Elle a rappelé que ces questions ont été longuement débattues lors de l’élaboration des dispositions transitoires au sein du comité des consensus. Les élus ont alors imaginé trois alternatives au tribunal constitutionnel, en attendant que celui-ci prenne forme : «C’est soit que le tribunal administratif contrôle la constitutionnalité des lois jusqu’à ce qu’un tribunal constitutionnel soit érigé, soit que l’on demeure sans tribunal dans l’attente que ce soit fait et que ceci soit la priorité du prochain conseil législatif. La troisième alternative, fût la formation d’un tribunal constitutionnel provisoire. Et c’est cette dernière solution qui a été retenue, et qui a été inscrite dans les dispositions provisoires », a expliqué l’élue.

Selon elle, l’assemblée Nationale constituante devrait plancher sur la création de ce tribunal provisoire, dès qu’il aura terminé l’élaboration de la loi électorale.

«Par ailleurs, un tribunal constitutionnel n’est pas le seul gardien de l’Etat de droit. Si l’on étudie ce qui a contribué au maintien de la dictature, nous trouverons que l’un de ses bras a été l’administration. Réformer et asseoir une administration non partisane est l’une des bases d’un Etat de droit. Les médias doivent aussi être impartiaux et indépendants, les lieux de culte aussi…quand le chef de l’Etat possède un droit de regard sur la prestation du parlement, c’est aussi une garantie d’un Etat de droit, quand il demande le renouvellement du vote de confiance  pour le gouvernement…ce sont ses prérogatives pour contrôler le prochain pouvoir exécutif, à l’instar du régime portugais, où le président de la République joue le rôle de régulateur », a-t-elle expliqué, tout en relevant l’importance du fait, selon lequel le chef de l’Etat ne doit pas être du même bord que la majorité parlementaire.

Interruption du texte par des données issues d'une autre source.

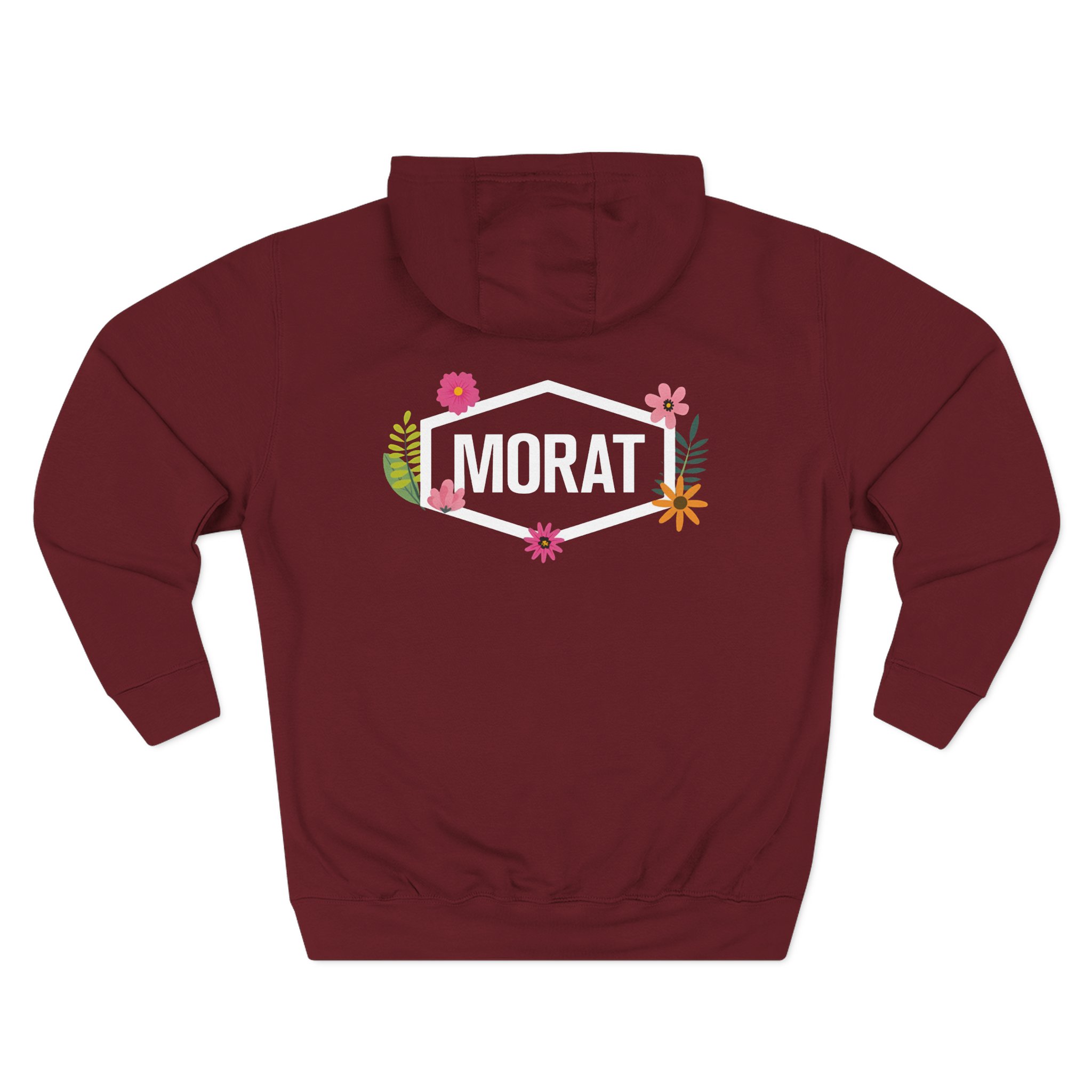 Morat Three-Panel Fleece Hoodie - Image 8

Mohamed Gahbich, membre de la commission constituante des juridictions judicaires administratives, financières et constitutionnelles et membre du comité des consensus à l’ANC, a déclaré quant à lui que l’idée de l’Etat de droit a été très présente dans la constitution : «  L’indépendance de la Justice constitue notamment l’un des piliers de l’Etat de droit, toutefois, la constitution, le principe de séparation des pouvoirs, les droits et libertés n’ont aucune valeur sans la présence d’un contrôle judiciaire garantissant le respect de la constitution, de la suprématie de la loi, et l’exercice des pouvoirs dans le cadre de la loi », a-t-il dit.

Farhat Horchani, a ajouté que les lois qui devraient être votées prochainement et notamment la loi électorale, ne devraient pas être en contradiction avec le texte de la constitution, « tout en sachant qu’il n’existe aucun organisme de contrôle dans l’immédiat », a-t-il précisé.

Ce à quoi a répondu Lobna Jeribi, par un appel lancé à la société civile et aux élus, pour qu'ils proposent une loi portant création d’un tribunal constitutionnel provisoire, qui serait éventuellement étudiée par l’ANC en même temps que la loi électorale.